Regret
"I got a lot to regret about my life." Mrs. Extremist and I went to The Moviehouse & Eatery this evening to see The Glass Castle, which was a painful experience in more ways than one. My left glute was killing me after sitting in those wonderful reclining sets they put us in, and Woody Harrelson was amazing in that movie as Rex Walls. He should get some kind of award for that role, it was intense.
But with all the family drama, what just nailed me was when a bed-ridden Harrelson, dying from 50 years of hard living, says to his daughter Rose Mary, played by Naomi Watts, "I got a lot to regret about my life." That line punched me in the gut. It got me thinking about the things I regret in my life, and how I was as a father and still can be as a husband. Now, don’t get me wrong, we had nowhere near that kind of drama in my family, both as a kid and as a husband and a father. But I have a lot that I regret, for sure.

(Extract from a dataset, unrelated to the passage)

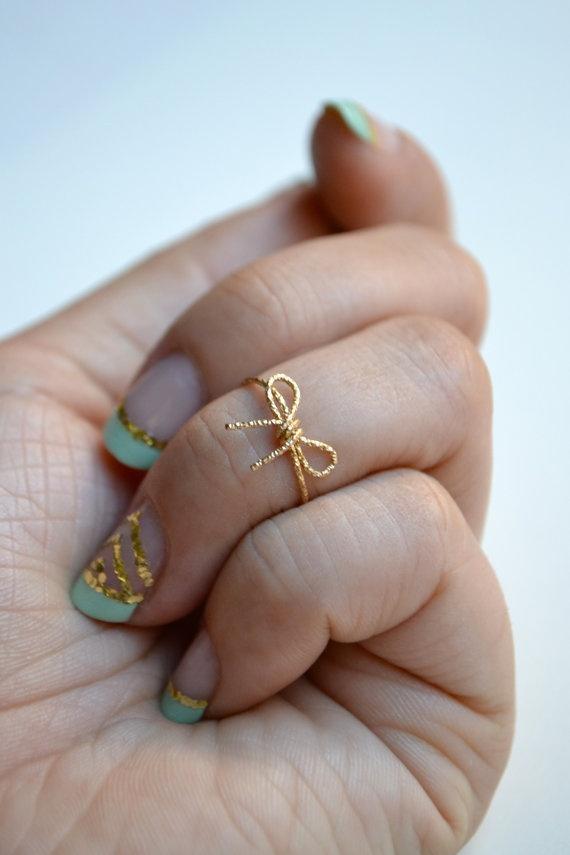 Bow Knuckle Ring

I also remember when my father, after narrowly surviving a massive heart attack in the late 1980’s, went through a particularly introspective time. One day, a couple of years later, he asked me if he had ruined my life with all the moving we did, both domestically and overseas, as he pursued his career in the oil business. When I told him no, that I felt privileged to have had a chance to live a "National Geographic" lifestyle, he was visibly relieved. Apparently he has his regrets as well.
I think all dads and husbands have "a lot to regret about my life". It just comes with the job. It sneaks up on you in quiet moments, and when you see it portrayed in a movie, or when you your grown "kid" says something to you, not accusing you of anything, but it brings up history. It might not be something major, but if you care at all, and we all do, even though we try not to show it, you feel it, a pang of regret. It goes away, as you realize your kids love you, and they are succeeding because of you (or despite you), but there it is.
I have a lot to be thankful for. I am providentially blessed in more ways than I know. God has rained more grace on me than I can understand, for reasons that are his alone, and I am so very grateful. But I am a man, a husband, a father (and a grandfather), and there are so many things I should have done better, so many things I said or didn’t say, so many times I was just a man, and not The Man. Some people might say it’s the Accuser, but I think it is God, keeping me humble and helping me to see that I can never be The Man, only a man. Regret can be sweet that way.
"I got a lot to regret about my life". Thank God.